2017 was reportedly the biggest ever sales year for Dungeons & Dragons. There are a number of reasons for this, including the resurgence of geek culture, the similarly surging popularity of board games, and – of course – the popularity and success of Critical Role.
I first started watching Critical Role in the beginning of 2016. I know this because when my brother was hospitalised that Spring, the only thing I was capable of doing mentally and emotionally was watching Critical Role. All of it. When I started watching they were on episode 40 or so – it took me several weeks of doing nothing but watching to catch up to live.
Critical Role reminded me of several things during those months. One, that I was still capable of laughing at something.
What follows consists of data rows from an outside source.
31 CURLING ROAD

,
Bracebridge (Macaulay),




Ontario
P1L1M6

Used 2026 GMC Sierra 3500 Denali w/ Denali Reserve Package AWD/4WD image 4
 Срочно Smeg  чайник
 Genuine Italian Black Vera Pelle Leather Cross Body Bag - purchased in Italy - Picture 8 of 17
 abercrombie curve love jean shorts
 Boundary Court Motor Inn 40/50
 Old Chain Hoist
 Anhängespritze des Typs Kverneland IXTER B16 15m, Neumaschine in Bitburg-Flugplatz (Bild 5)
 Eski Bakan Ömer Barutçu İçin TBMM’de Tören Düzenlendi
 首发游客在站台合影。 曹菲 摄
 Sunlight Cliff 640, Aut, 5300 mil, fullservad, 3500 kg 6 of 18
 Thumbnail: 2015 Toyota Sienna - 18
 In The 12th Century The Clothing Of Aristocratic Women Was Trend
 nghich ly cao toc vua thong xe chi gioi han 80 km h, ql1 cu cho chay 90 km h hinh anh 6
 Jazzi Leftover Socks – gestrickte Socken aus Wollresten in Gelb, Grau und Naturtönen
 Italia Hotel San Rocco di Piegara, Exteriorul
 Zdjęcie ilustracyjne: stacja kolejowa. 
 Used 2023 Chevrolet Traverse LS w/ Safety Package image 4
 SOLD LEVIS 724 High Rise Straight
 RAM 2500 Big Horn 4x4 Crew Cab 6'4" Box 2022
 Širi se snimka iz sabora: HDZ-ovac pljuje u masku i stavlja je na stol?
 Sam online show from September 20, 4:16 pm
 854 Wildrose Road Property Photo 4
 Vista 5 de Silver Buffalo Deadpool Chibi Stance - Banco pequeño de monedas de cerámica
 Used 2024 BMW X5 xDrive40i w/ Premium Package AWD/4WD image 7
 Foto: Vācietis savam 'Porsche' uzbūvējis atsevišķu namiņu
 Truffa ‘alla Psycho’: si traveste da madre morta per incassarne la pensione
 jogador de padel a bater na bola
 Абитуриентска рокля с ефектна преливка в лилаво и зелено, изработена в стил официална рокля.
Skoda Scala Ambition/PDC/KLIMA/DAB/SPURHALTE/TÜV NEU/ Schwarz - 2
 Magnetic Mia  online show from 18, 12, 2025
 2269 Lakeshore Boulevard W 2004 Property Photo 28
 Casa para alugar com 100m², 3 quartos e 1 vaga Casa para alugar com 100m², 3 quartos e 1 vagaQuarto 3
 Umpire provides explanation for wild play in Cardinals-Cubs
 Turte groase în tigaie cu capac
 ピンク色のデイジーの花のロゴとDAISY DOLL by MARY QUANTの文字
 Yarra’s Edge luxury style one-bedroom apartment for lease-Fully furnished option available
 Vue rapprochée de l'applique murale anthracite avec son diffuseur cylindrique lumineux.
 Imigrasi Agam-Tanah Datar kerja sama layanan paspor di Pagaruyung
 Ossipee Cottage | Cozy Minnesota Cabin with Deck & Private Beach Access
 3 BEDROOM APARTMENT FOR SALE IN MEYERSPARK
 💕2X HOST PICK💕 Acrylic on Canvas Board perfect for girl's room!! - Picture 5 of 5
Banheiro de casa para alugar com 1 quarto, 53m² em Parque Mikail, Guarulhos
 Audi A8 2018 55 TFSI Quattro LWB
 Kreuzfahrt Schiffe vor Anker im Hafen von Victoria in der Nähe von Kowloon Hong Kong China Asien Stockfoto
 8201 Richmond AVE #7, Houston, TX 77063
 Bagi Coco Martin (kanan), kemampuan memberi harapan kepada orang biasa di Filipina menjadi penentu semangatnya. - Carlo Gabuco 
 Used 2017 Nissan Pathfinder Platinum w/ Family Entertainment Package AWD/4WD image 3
Two, that I loved telling and being part of stories more than anything else in the world. And three, that Dungeons and Dragons made the world better.
The internet is a strange beast. It isolates us even as it brings us together. It dehumanises us even as it allows us to share our humanity with one another. Dungeons and Dragons is a bit like that, but without all of the terrible things. Maybe that’s one of the reasons I love it – I can’t exist now without the internet. I end up feeling alone and lost.
So how is it good for us? Well first of all it’s fun, but it’s not just free fun. It’s not like sitting down in front of a film and getting a laugh. To get a laugh in D&D, you put effort in – you make a character and bring it to life, and laugh at the process of doing so. Or if you’re the DM, you create a world and a story and bring it to life, and laugh at the unexpected things your players bring.
This teaches us an important lesson: that you get what you give. But it does this in such a kind and generous way. So often that lesson is taught as “well if you only bothered a little…” – D&D doesn’t do that. It presents before you an opportunity to learn, in a fun environment, what good your effort can bring.
And once you do, you get to create that fun – that story – with your friends. Even if the people you’re gaming with aren’t your friends to begin with, chances are they’ll become them along the way. Because there is nothing as connecting as telling a story collaboratively – which is, fundamentally, what D&D is.
It is this not just when you have a very narrative driven game, but also when you have a very combat-heavy, dungeon-crawling game. Your party might not care about doing accents or really chatting that much other than to plan strategy. That’s still storytelling – your group’s style is just to tell the story of the fight.
For those of us who do go for a more narrative game (even those that have a lot of combat), D&D offers a whole new kind of connection – because you get to explore not just being someone else, but being someone else around other people. You get the complexities of interaction with other people. The unexpectedness.
Critical Role is a fantastic example of this, not only because it has a cast of incredible actors but because over the course of their 100+ episodes in Campaign 1, the characters develop their relationships. I don’t just mean romantic ones, though those happen, too – by the end of it, you know exactly how every single character feels about every other one.
You know that Vax sees Pike as a shining example of what everyone should be; that Keyleth and Percy are best friends who couldn’t be more different; that Scanlan is like the (exceedingly) little brother Grog never had; that Vex loves money so much that she’s willing to marry it. Wait, no – that last one’s wrong. Or is it?
As we develop friendships like this between our characters, they cannot help but enrich our own lives. Because everything our characters feel, we feel. Everything they do, we are in part doing. Yes, we’re separate – we’re not them, we’re never going to be. But we are as connected as our characters become to one another and, so, we cannot help but become closer along the way.
This is the power that a game has to change us as individuals. But it can change a lot more than that.
Because the more we make these connections, put this effort in and tell these stories, the more we come to understand the complexities of one another. The more empathetic and driven and courageous we are. And right now, the world needs a little courage. A little drive. A lot of empathy.
In this way, Dungeons and Dragons is changing the world.